First, what is the meaning of the vicious attacks by many Neo-Con leaders against their own gurus in the Bush Administration? Is this fratricide merely a tactic to find scapegoats for the bankruptcy of their own policies? Or, is it preparing the way for a strategic switch to support the Democrats with greater independence from the Millenarian Evangelicals, less emphasis on Israel, and a focus on America’s national security and prosperity? Does this imply a rapid exit from Iraq and new initiatives toward both Iran and Hamas, all designed to resurrect the NeoCon ideology under different auspices and a more pragmatic and honest paradigm of thought? Is it a way to say, look we had to switch, and we’re still here and we aim to manage the global future without the need for any do-good ideology about freedom and democracy. Anyway, we were always Democrats and are merely returning to our roots. This would be Kissingerism at its best.

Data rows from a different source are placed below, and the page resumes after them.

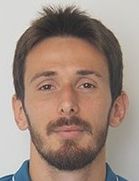 Aykut Çift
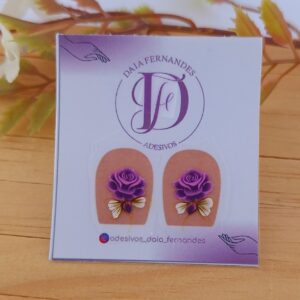 SEMI ARTESANAL (M169)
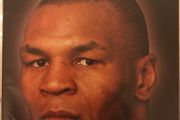Boxing programmes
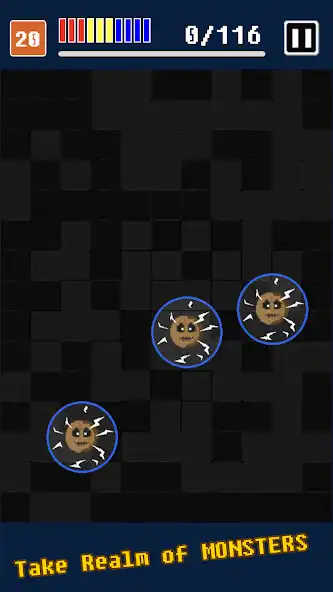 Play Realm of Tile  and enjoy Realm of Tile with UptoPlay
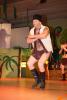 Foto vom Album: Dschungelfete 2013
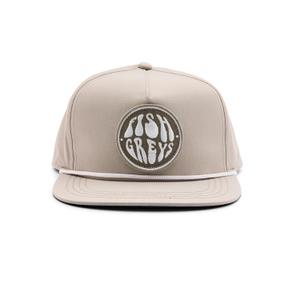 product/g/r/greys_1561625_beige_1.jpg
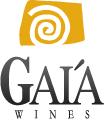 Gaia wines_logo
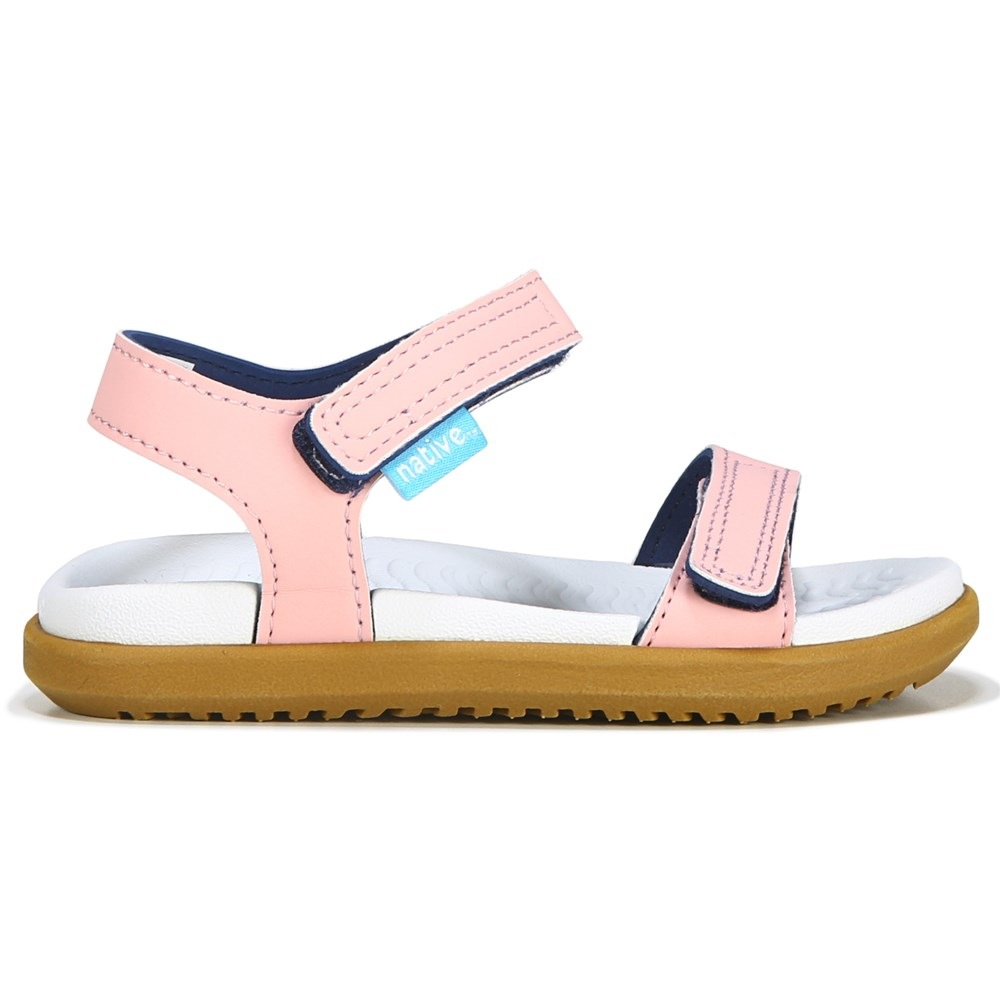 Famous footwear hot sale girls sandals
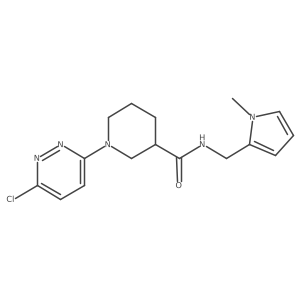 1401581-92-7 structure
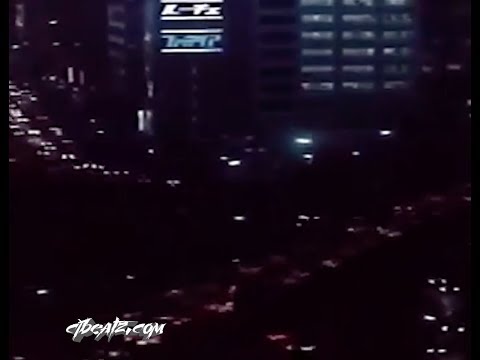 [FREE UNTAGGED] Drake x Giggs type beat/instrumental 2017/2018 "BAG" (Prod CJ Beatz)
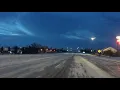 7 30 am Sunday Interstate-29 Road Report At Grand Forks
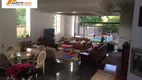 Foto 23 de Casa de Condomínio com 4 Quartos à venda, 681m² em Parque Campolim, Sorocaba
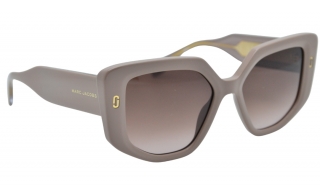 Marc Jacobs MARC1116/S 10AHA 52 17 145 Kadın Güneş Gözlüğü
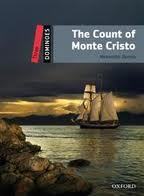 The Count of Monte Cristo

Second, does this mean that Israel will have to attack Iran in order to force action by America to finish the job? Does it mean that Israel will have to function as a catalytic trigger, which was the whole purpose of De Gaulle’s force de frappe. Since France could have started a Third World War at the push of a button, this gave it a lot of power over America. The relations were hostile, but America never really challenged a nuclear tiger willing to die for its independence under the American nuclear umbrella.
This may all be too complicated for Bush, but it is grade-school stuff for the scions of the permanent American foreign policy establishment, epitomized by Kissinger. If the elections go against the Republicans, as anticipated, the Council on Foreign Relations and its think-tank, The Aspen Institute, may replace the various NeoCon think-tanks as the center of power in setting both the paradigm and the ensuing agenda of U.S. foreign policy.
As a long-range global forecaster, I would expect that there would no longer be any Axis of Evil and that Hamas would become a good guy provided that it responds appropriately to very pragmatic policies designed to disarm extremists by co-opting pragmatic Muslims who have a popular track record of principled defense of “Islam.” There is no purpose nowadays in bothering to co-opt Arabs or anyone else who has no such record.
Third question. Would or could President Bush during his final two years in office as perhaps the last Republican president for decades abandon his autistic stance of “You are either with me or against me”? Might he even glimpse the advantages of seeking justice rather than military power as the most reliable road to global stability and to American security, both economic, political, and military?
Such a paradigmatic revolution might bring about the most revolutionary shift in American foreign policy in a couple of centuries. It might resurrect the Founders’ vision of America as a model for the world in pursuing the aims of the American Constitution’s preamble, which start with justice and conclude with freedom as its most important product.